Al civico 7 il silenzio è pesante e la scritta nel cortile sa d’antico: “vietato il gioco della palla”. Alzi lo sguardo e proprio sopra la testa incombono gli stralli arrugginiti del ponte. Uno di quelli, è l’ipotesi, ha ceduto e si è portato giù tutto. Dieci metri più avanti ci sono i due civici su cui la struttura sembra appoggiarsi, il 9 e l’11. Una maglietta arancione da bambino stesa ad asciugare segna il confine: finisce Sampierdarena inizia Certosa.

“Anche se non ce lo dicono lo abbiamo capito da soli, perché quel ponte ce l’abbiamo sopra la testa da 33 anni – Giuseppa Taormina è sicura – Abbatteranno casa mia, da un giorno all’altro ci hanno tolto tutto e ora siamo qua, senza nulla. Se ci daranno la casa? Voglio vedere che non ce la danno la Lega e i Cinquestelle. Li abbiamo votati anche noi sai? Abbiamo avuto per 50 anni politici che non hanno fatto nulla, loro promettono di cambiare. Bene, ora hanno l’occasione per dimostrarlo”.

L’amica Maria scuote la testa. In questo momento non le importa nulla di quel che sarà. “Provate a mettervi nei miei panni, nei panni della gente che ha perso tutto in un istante. Cosa volete sapere, non c’è proprio nulla da dire”.

Valeria e Gabriel Manzueta sono seduti al Centro Civico Buranello, il punto d’incontro per gli sfollati. Attendono che gli dicano qualcosa, che gli facciano sapere dove andranno visto che a casa non ci possono tornare. Abitavano al numero 9 di via Porro. Lui lavora al Bingo, lei è disoccupata. “Ogni notte era un inferno, quel ponte lo sentivamo scricchiolare e poi i lavori non finivano mai, ogni giorno, fino all’una di notte”.

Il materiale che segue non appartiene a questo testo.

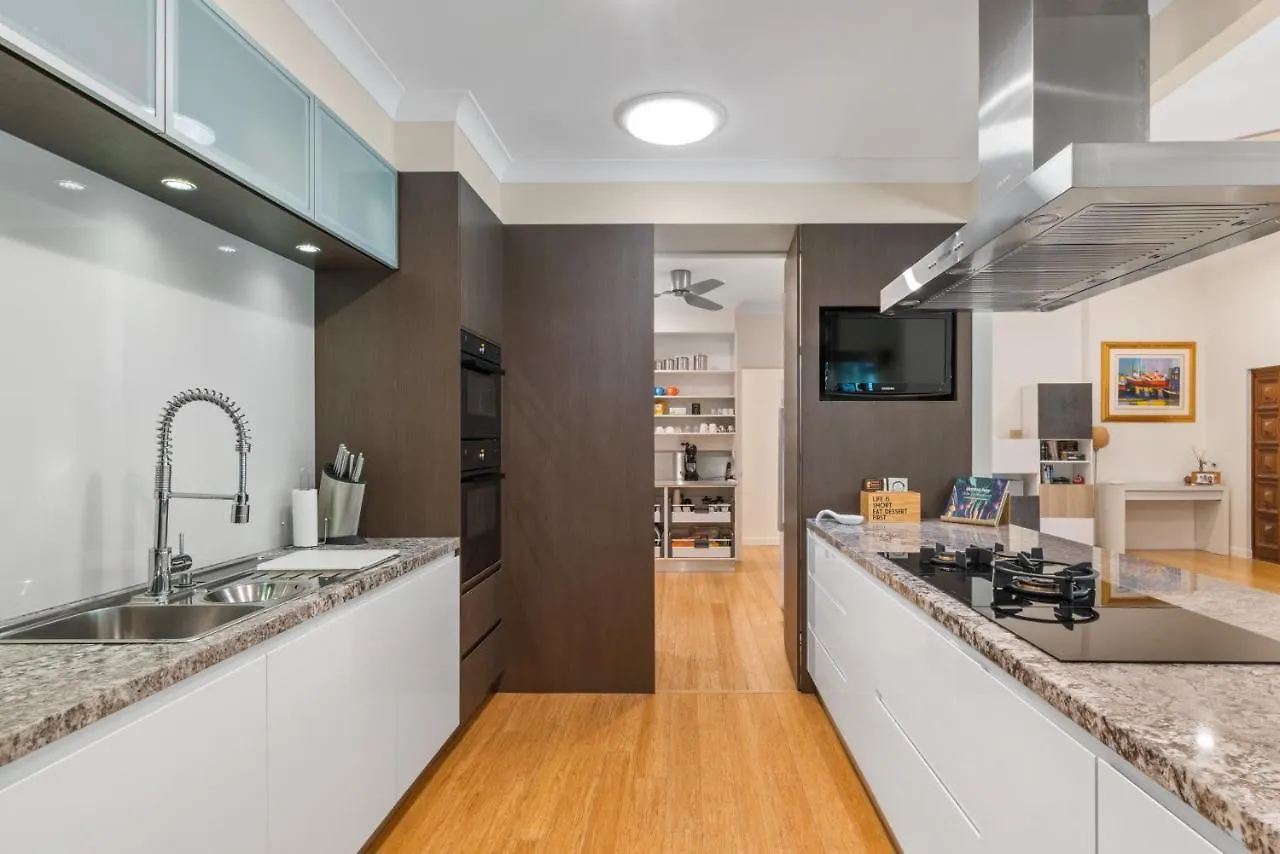 Holiday home Space, Comfort & Serenity, Peregian Beach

Anche loro credono nel governo Lega-5s e sono convinti che daranno loro la casa che hanno promesso. “Non abbiamo mai avuto fiducia nei governi passati ma in questo sì – dice Gabriel serio – ci hanno fatto sentire che faranno qualcosa, Salvini ha già bloccato gli sbarchi. Ora vediamo se sono davvero quelli del fare, vediamo se ci daranno risposte o ci lasceranno senza nulla come tutti gli altri. Però stavolta ci fidiamo”.

Dall’altra parte di casa loro, su via Fillak, a 20 metri dal ponte maledetto, c’è il manifesto dell’ultima fatica di Tom Cruise. Esce il 29 agosto. “Mission impossible: fallout”. La missione impossibile, per la gente delle ex palazzine dei ferrovieri, è tornare a casa.